For all the apocalyptic foresight, Wallace-Wells’ prose doesn’t hold a candle to the imaginative ways in which Hollywood currently depicts climate change, or “cli-fi,” as the sub-genre is called. More often than not, cli-fi movies set boundaries to assuage any fears that its premises are realistic. They often take place in a far-off future that is reassuringly unfamiliar, employ far-fetched technology that we can only dream of, feature a small but cataclysmic event that preposterously ruins the whole planet, or end happily as the Earth magically returns to its pre-disastrous state, as if nature can be fixed with the flick of a switch.

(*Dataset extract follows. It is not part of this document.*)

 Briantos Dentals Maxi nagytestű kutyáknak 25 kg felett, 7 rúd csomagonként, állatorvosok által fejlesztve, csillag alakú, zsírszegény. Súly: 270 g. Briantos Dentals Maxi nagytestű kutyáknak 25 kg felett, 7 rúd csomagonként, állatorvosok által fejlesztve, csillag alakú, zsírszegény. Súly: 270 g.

In reality, climate change is more slow-moving and complicated — a single natural disaster can’t wipe out the entire planet — but it’s also more rapidly advancing than we think; humans have been roaming the planet for hundreds of thousands of years, yet half of our carbon footprint has been stomped into Earth in the last three decades alone. There’s an argument to be made that Hollywood should strive to be more eco-realistic. More so than finger-wagging documentaries (sorry, Al Gore), blockbusters reach the masses and, in theory, can casually compel uninvested people to take action. Here are five cli-fi movies that should scare you in an entirely new way:
The Last Winter (2006)
When one of its oil riggers has a freakish, fatal accident that cannot be explained, a research team in the middle of Alaska believes it’s being haunted by… something (not The Thing). A staff environmentalist offers a reassuring scientific explanation that the melting of arctic ice (due to global warming) releases methane, and the natural gas mixed with hydrogen sulfide is causing the workers to suffer from hallucinations.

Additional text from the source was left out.